## PROBLEM DETAILS
Copy the closing run of lines, from the one with "Sweat-shirt noir avec" through the last line of the listing, exactly and without any pictures.

## DATA
*****

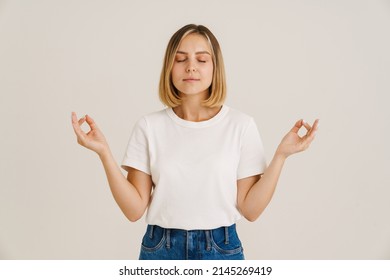 Young Blonde Woman Making Zen Gesture While Meditating Isolated Over White Background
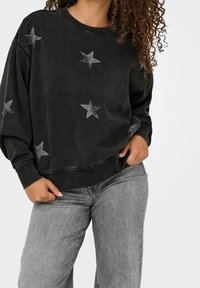 Sweat-shirt noir avec motifs d'étoiles en strass ; comporte un col rond et une coupe ample. Associé à un jean gris clair.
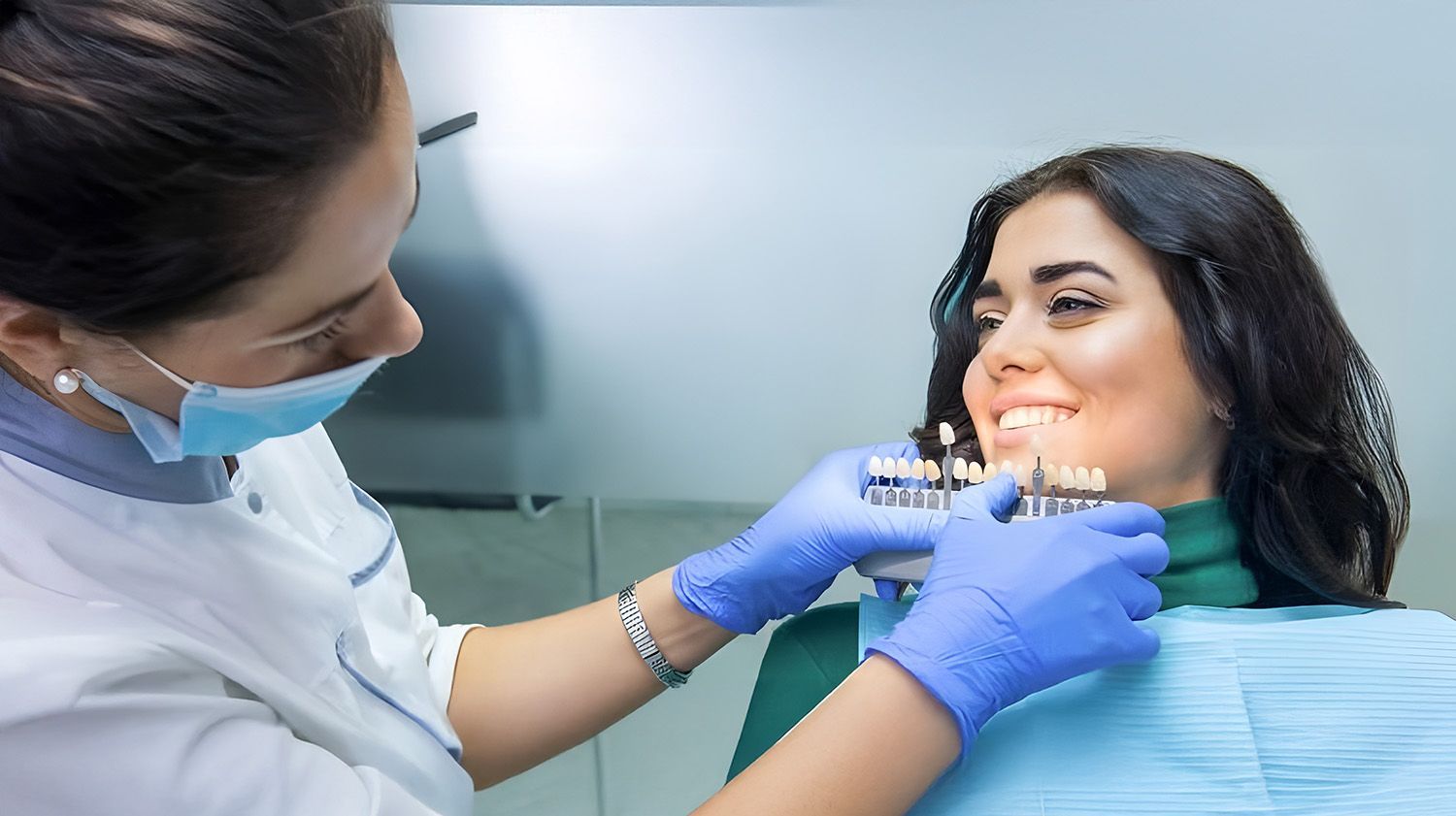 A Dentist Wearing A Mask And Blue Gloves Holds A Tooth Shade Guide Up To A Patient's Smile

*****

## ANSWER BOX
 Sweat-shirt noir avec motifs d'étoiles en strass ; comporte un col rond et une coupe ample. Associé à un jean gris clair.
 A Dentist Wearing A Mask And Blue Gloves Holds A Tooth Shade Guide Up To A Patient's Smile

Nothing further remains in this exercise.